■ WHAT IS EXPECTED:
Could you print the stretch of lines below from the one with "Alloy Moon Pendants PALLOY-JF02290-02-1" through the one with "Conjunto Sala de", exactly as they stand and without any pictures?

[[ AVAILABLE DATA, beginning ]]

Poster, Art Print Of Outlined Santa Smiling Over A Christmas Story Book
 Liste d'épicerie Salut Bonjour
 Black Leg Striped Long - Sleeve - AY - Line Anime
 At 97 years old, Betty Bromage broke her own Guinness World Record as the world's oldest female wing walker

[[ AVAILABLE DATA, end ]]
[[ AVAILABLE DATA, beginning ]]

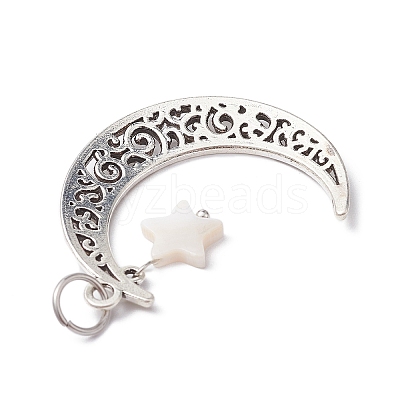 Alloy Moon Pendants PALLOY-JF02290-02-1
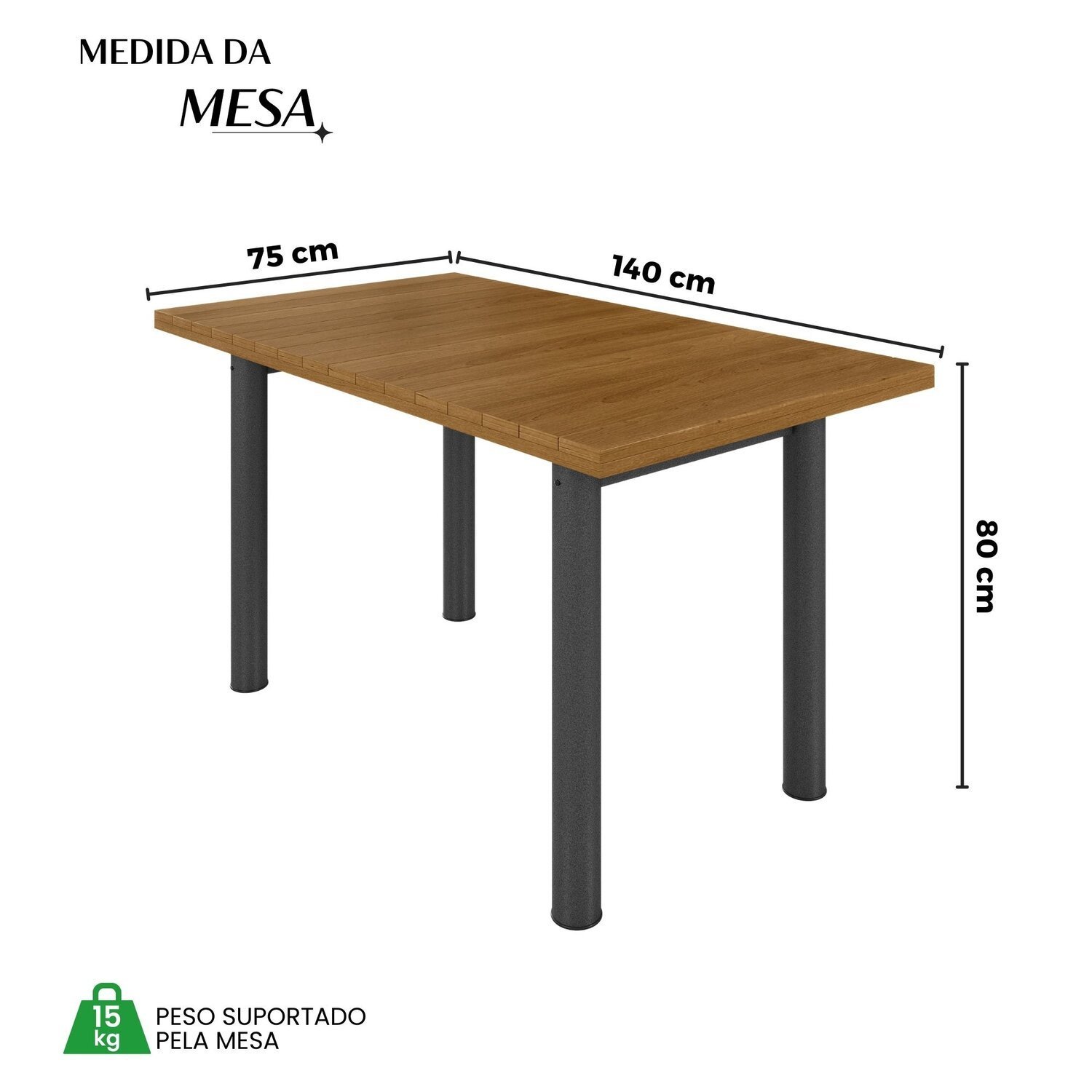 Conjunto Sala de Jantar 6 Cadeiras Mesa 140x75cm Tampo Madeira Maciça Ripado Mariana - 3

[[ AVAILABLE DATA, end ]]

■ SOLUTION FOR THIS TASK:
 Alloy Moon Pendants PALLOY-JF02290-02-1
 Conjunto Sala de Jantar 6 Cadeiras Mesa 140x75cm Tampo Madeira Maciça Ripado Mariana - 3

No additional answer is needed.